3- Realizada a audiência final, com data de 27/02/2023 foi proferida sentença com o seguinte teor decisório:
IV. A Decisão
Pelo exposto, julgo a acção parcialmente procedente e, em consequência, condeno a Ré a pagar ao Autor a título de indemnização a quantia de 180.000,00 euros.
Absolvo a Ré do mais peticionado.”

4- Inconformada, a ré interpôs o presente recurso, formulando as seguintes CONCLUSÕES:
1) No caso sub judice não ficou provado que o défice funcional permanente do A. atingiu, de modo directo e imediato, a capacidade de ganho do lesado, tendo, ao contrário, resultado provado que o défice funcional de que ficou a padecer é compatível com a actividade profissional habitual, envolvendo, porém, esforços acrescidos. Neste sentido os pontos 44, 45 e 46 dos factos provados.
2) Em rigor, não se está aqui perante uma verdadeira perda da capacidade aquisitiva de ganho, mas antes o dano que a nossa jurisprudência vem tratando como dano biológico (enquanto diminuição funcional psicofísica).

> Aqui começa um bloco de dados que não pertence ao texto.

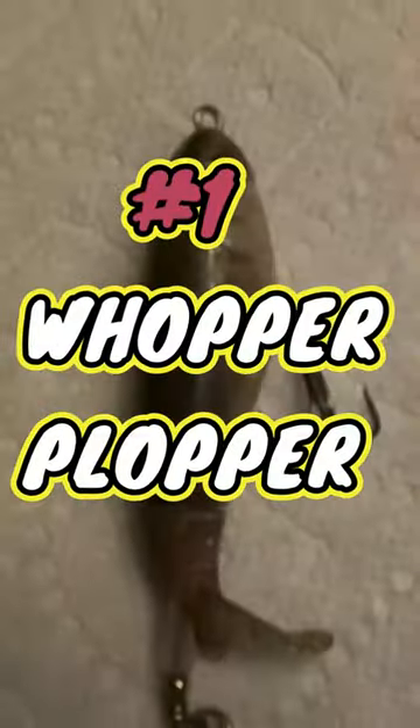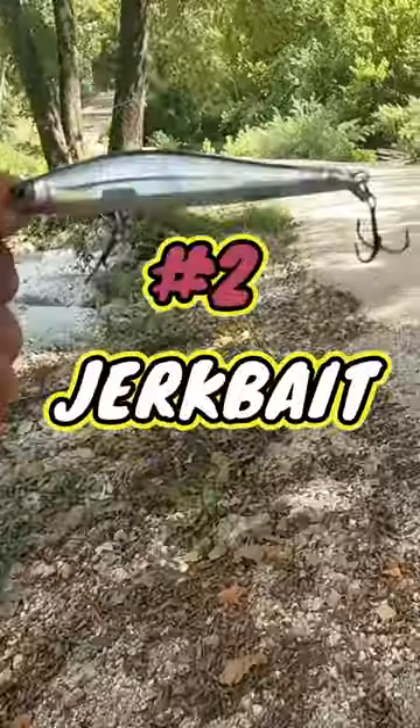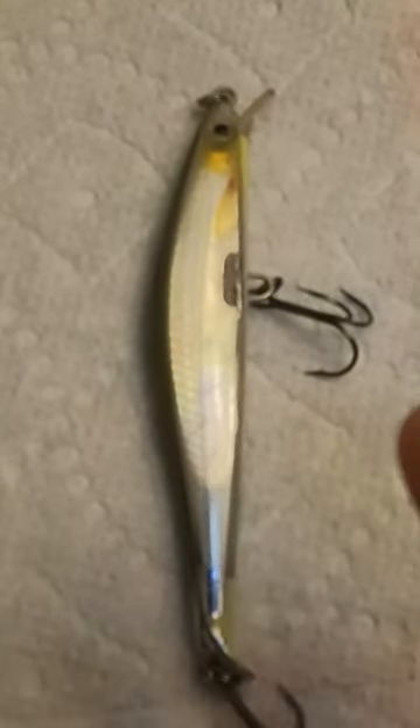Number one is the Whopper Plopper. I don't know what it is, but the fish go crazy over this lure, especially the bigger fish. Number two would have to be a jerkbait — specifically a sinking jerkbait. Get one that has some flash to it.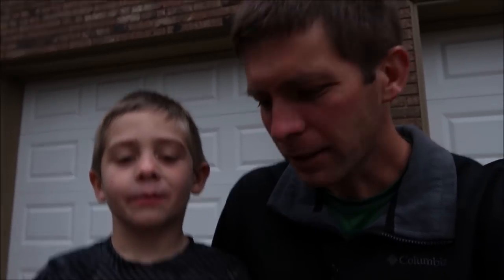Hey everybody, this is Jason Creel and you're watching Lawn Care Life. I'm here with somebody special making his YouTube debut. This is my son, and some people say we kind of look alike. I'm a little taller but other than that we do favor a little bit. We're going to talk about the upcoming Lawn Care Life conference and the prizes we're going to be giving away, so I thought I'd let my son help out with that.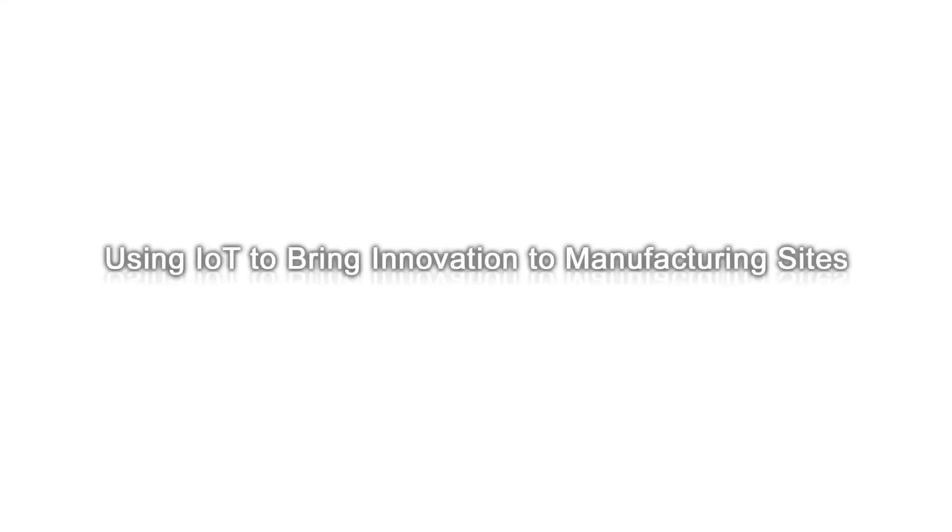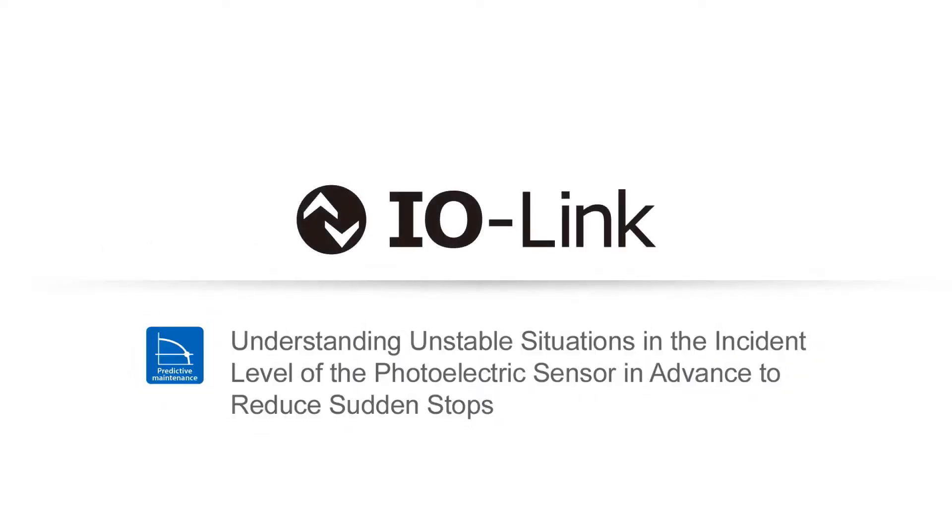Using IoT to bring innovation to manufacturing sites. Omron's IO-Link photoelectric sensor helps you understand an unstable situation at its incident level in advance, to reduce sudden stops.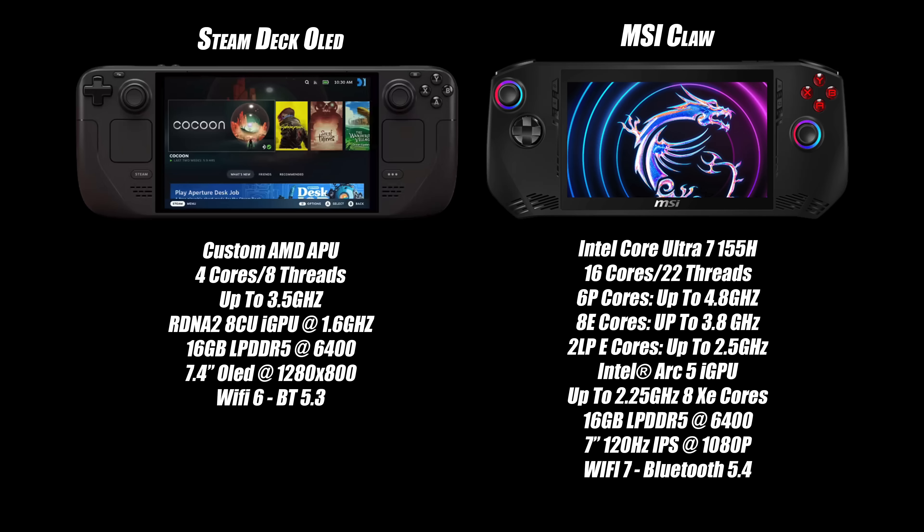On paper, you'd choose the MSI Claw because it looks like it's going to outperform the Steam Deck OLED. The Steam Deck is coming in with a four-core, eight-thread CPU and an RDNA 2-based GPU — it is getting a bit dated — but with optimizations, the Steam Deck is definitely one of the best performing handhelds on the market. Now it's time to get into some game tests and see how these really compare.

3) Salvo melhor entendimento, andou mal o Tribunal a quo, ao concluir que o Autor ficou com a sua autonomia largamente diminuída, nomeadamente no tocante à execução das tarefas profissionais pela perda de capacidade de concentração, o que permite um juízo de prognose negativo quanto à sua capacidade de manutenção ou aumento do seu nível salarial, por não ter capacidade para responder a todos os desafios da sua profissão e para evoluir dentro da sua área de conhecimentos que requer constante actualização, salientando-se que não obstante as dificuldades de concentração, conforme decorre do relatório pericial de psiquiatria (referência 30976060, de 29.11.2021) e relatório pericial (referência 33676348, de 26.09.2022), a desvalorização atribuída neste âmbito, pelos peritos do INML, foi de 5 pontos (dos 19 pontos), enquadrados na Tabela Nacional de Incapacidades no âmbito dos Problemas cognitivos menores (Na0310).
4) Acresce que, de acordo com a factualidade também considerada provada, o Autor retomou o trabalho gradualmente a partir do final de 2014 (44), não se encontrando demonstrado que entre essa data e a data do julgamento (dezembro de 2022) a situação salarial do Autor tenha sofrido qualquer perda ou diminuição do seu nível salarial, nem existindo elementos que o levem a presumir para o futuro.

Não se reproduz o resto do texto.